The menu tempts patrons with its combination platters. The “Pit Crew” encompasses two meats and two sides, and its “Pit Boss” counterpart ups the ante by providing three meats and three sides. Thinking we could conquer the “Pit Boss,” the photographer and I opted for pulled pork, brisket, and ribs as the meats, along with mac & cheese, bacon collards, and cornbread as the sides.
Each meat is exquisite in its own way. The pulled pork is especially noteworthy for its savory skin and overall tenderness. The ribs may pale in comparison, but the brisket, usually cast aside as a fine but inessential barbecue dish, punches well above its weight. The sides (particularly the collards) supplement the main course in the best way possible, offering a respite from the onslaught of meat. The specials are intriguing albeit pricey: Either of the two weekend specials — Saturday’s Big Beef Rib or Sunday’s Baby Back Ribs — will set you back just over $30. Still, the price may be worth it. Even a sliver of the beef rib is enough to leave you wanting more.
Owner and barbecue pitmaster Andy Husbands has also crafted three barbecue sauces that diversify each meat’s flavors: one sweet (but not overwhelming), one spicy (but not overbearing), and one mustard-like (but not overcompensating). These condiments pair well with each of the dishes, providing an extra kick to the meaty backbone of your meal.

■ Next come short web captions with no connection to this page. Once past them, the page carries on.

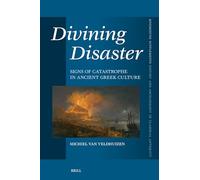 Divining Disaster. Signs of Catastrophe in Ancient Greek Culture: 496 (Mnemosyne, Supplements, History and Archaeology of Classical Antiquity, 496)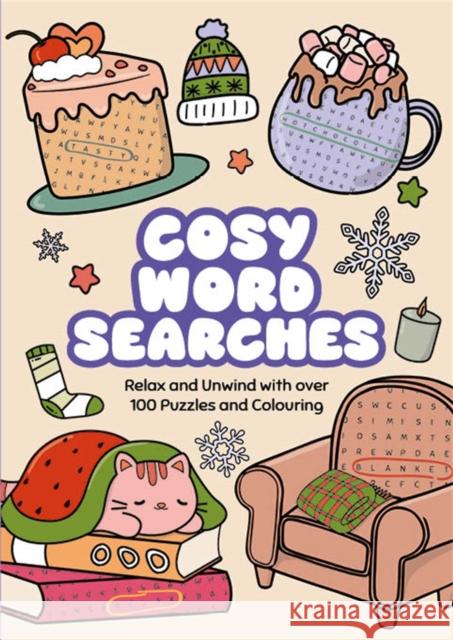 Cosy Word Searches: Relax and Unwind with over 100 Puzzles and Colouring Dr Gareth Moore 9781789298338 Michael O'Mara Books Ltd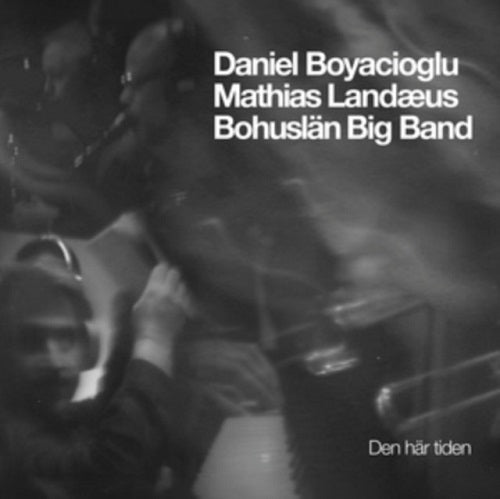 Daniel Boyacioglu Mathias Landaeus Den Har Tiden New CD Presale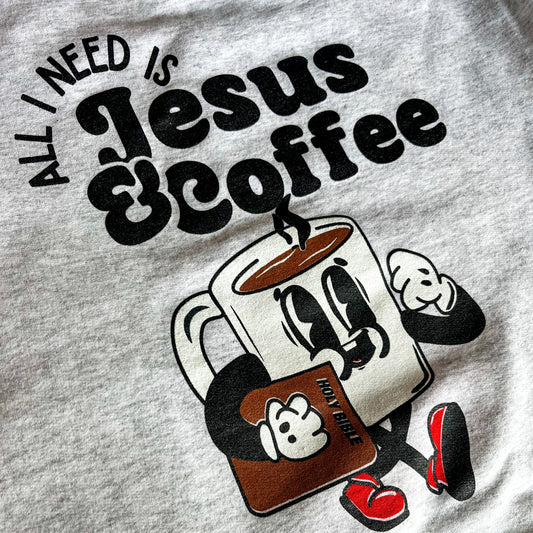 All I Need is Jesus & Coffee Sweatshirt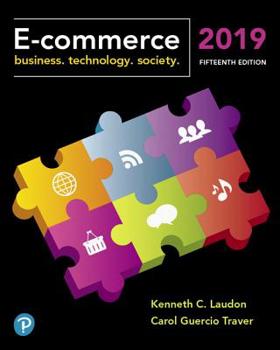 Hardcover E-Commerce 2019: Business, Technology and Society Book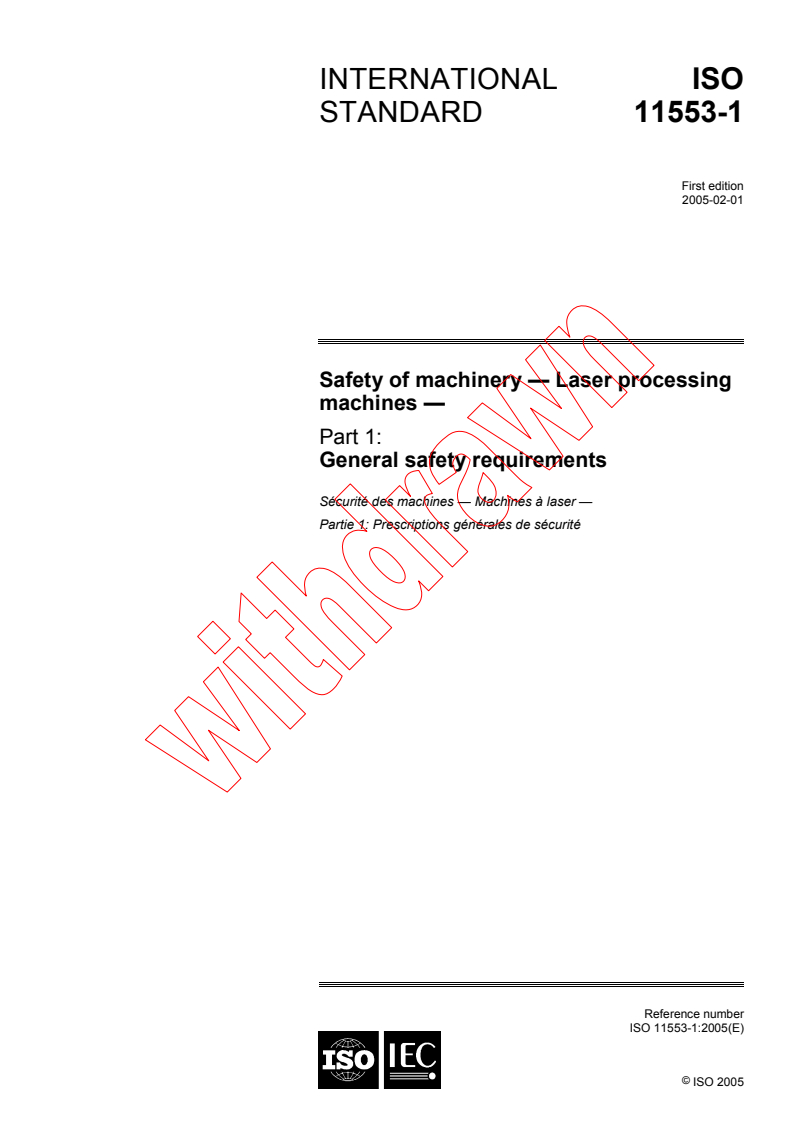 ISO 11553-1:2005 - Safety of machinery - Laser processing machines - Part 1: General safety requirements
Released:1/26/2005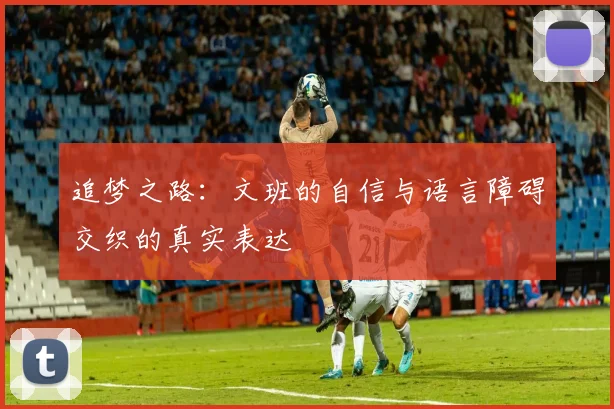 追梦之路：文班的自信与语言障碍交织的真实表达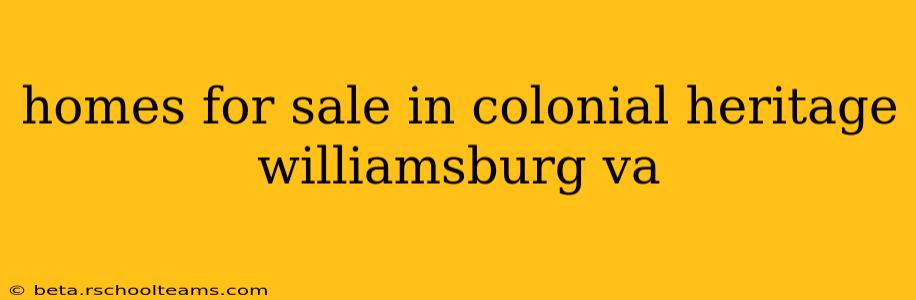 homes for sale in colonial heritage williamsburg va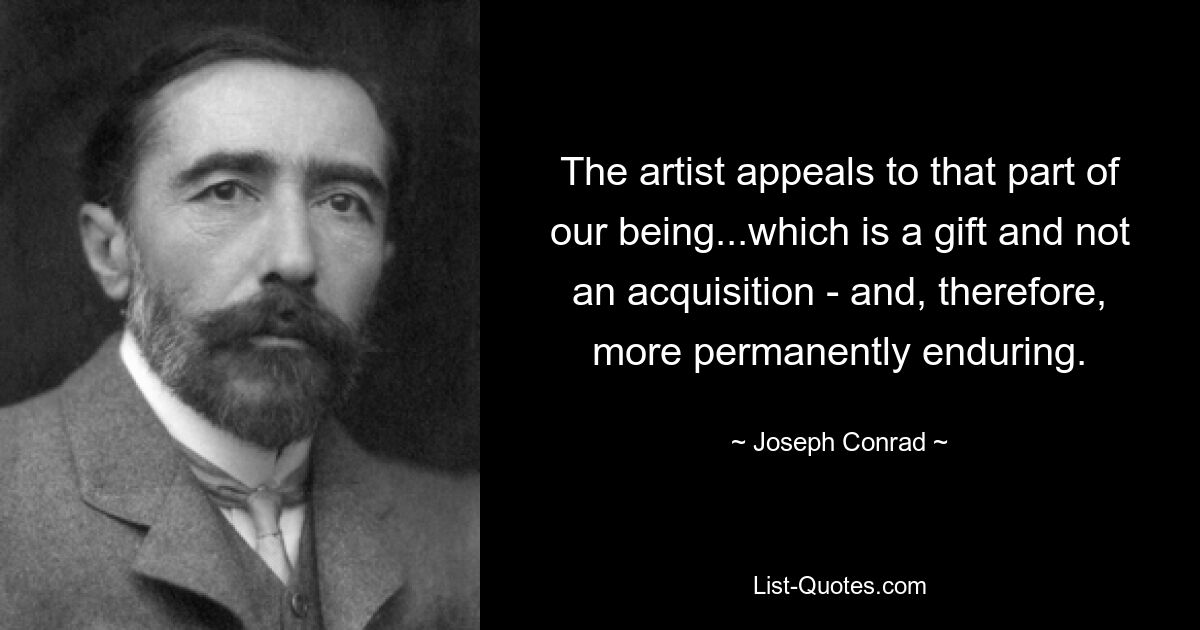 The artist appeals to that part of our being...which is a gift and not an acquisition - and, therefore, more permanently enduring. — © Joseph Conrad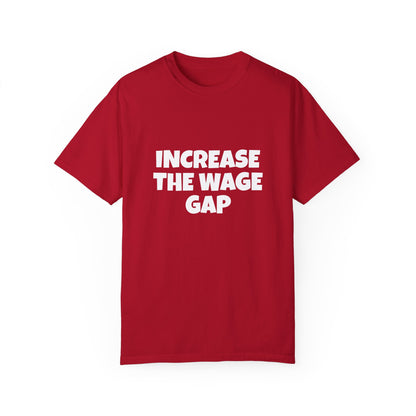 Increase the Wage Gap Funny Tee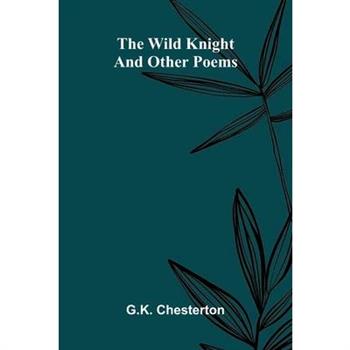 The Wild Knight and Other Poems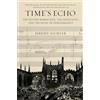 Knopf Time's Echo: The Second World War, the Holocaust, and the Music of Remembrance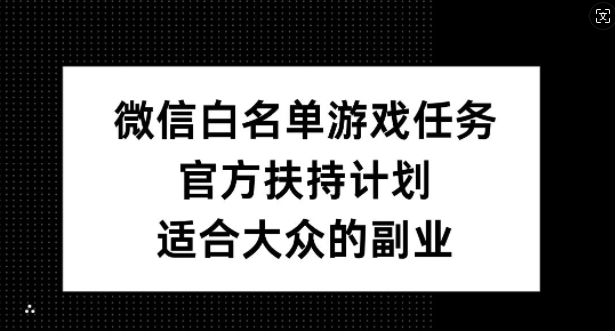 微信白名单游戏任务，官方扶持计划，适合大众的副业【揭秘】-鼎誉项目网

After this feast, you no longer feel stuck in a warehouse. The environment around you almost feels religious. Andy Husbands is not interested in pushing barbecue into a new frontier, but rather seeks to worship it as it exists: meats and sides that need not be fancy to be delicious. With this knowledge, the spacious layout of the restaurant signals that you have walked into something akin to a cathedral. The Smoke Shop BBQ’s placement at Assembly Row drives home the devout connection. You are now among the prototypical churchgoers that fill Husbands’ pews on weekends, hungry to share the experience of eating savory barbecue while watching football. It does not matter if you arrive at this restaurant as a believer in the power of his cooking or a skeptic. In the end, provided you fully immerse yourself in the environment around you, you will leave this basilica of barbecue satisfied.